Data section

++++

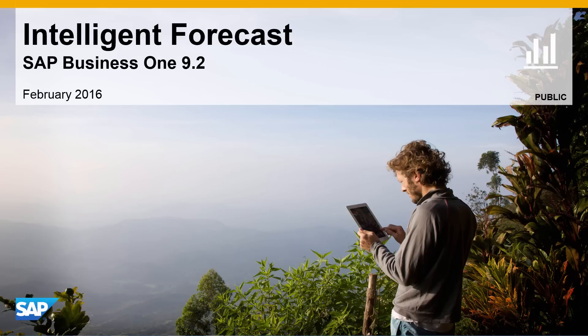Welcome to our feature clip on Intelligent Forecasting for SAP Business 1, Release 9.2.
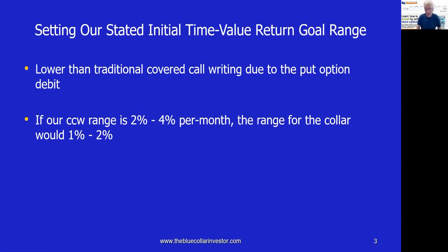We also have to set our initial time value return goal range — this will vary from investor to investor. When I set up my covered call writing trades for my monthly returns, I seek an initial time value return goal range of 2% to 4%. In extreme bull markets I'll go as high as 6%, but never higher. In more conservative times, maybe 1% to 2%. But because in the collar trade we are purchasing a put option, our net credit will be lower, and therefore our initial time value return goal range will be lower than for traditional covered call writing. If I'm seeking 2% to 4% per month for covered call writing, I would tend to seek 1% to 2% as a realistic goal for my collar trades.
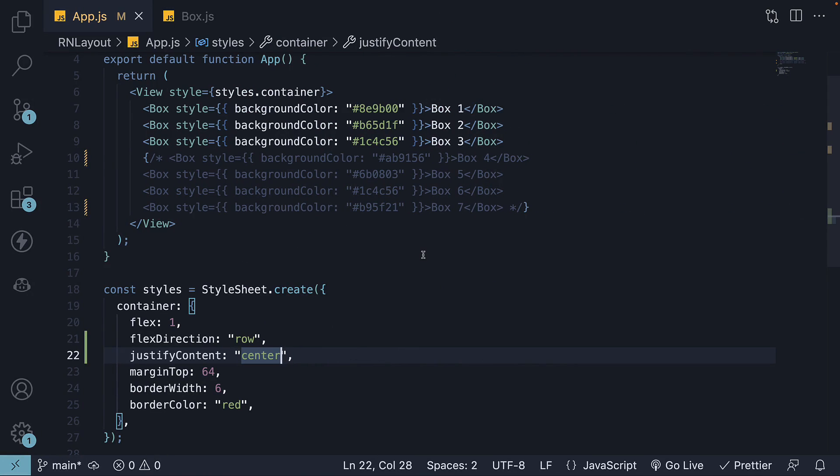In summary, the justifyContent property is used to align items and distribute any extra space in the container. The alignment is always along the main axis. The possible values are flexStart, flexEnd, center, spaceBetween, spaceAround and spaceEvenly.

++++

Task objective
Without any pictures, transcribe the listing above exactly as written.

Answer section
Welcome to our feature clip on Intelligent Forecasting for SAP Business 1, Release 9.2.
We also have to set our initial time value return goal range — this will vary from investor to investor. When I set up my covered call writing trades for my monthly returns, I seek an initial time value return goal range of 2% to 4%. In extreme bull markets I'll go as high as 6%, but never higher. In more conservative times, maybe 1% to 2%. But because in the collar trade we are purchasing a put option, our net credit will be lower, and therefore our initial time value return goal range will be lower than for traditional covered call writing. If I'm seeking 2% to 4% per month for covered call writing, I would tend to seek 1% to 2% as a realistic goal for my collar trades.
In summary, the justifyContent property is used to align items and distribute any extra space in the container. The alignment is always along the main axis. The possible values are flexStart, flexEnd, center, spaceBetween, spaceAround and spaceEvenly.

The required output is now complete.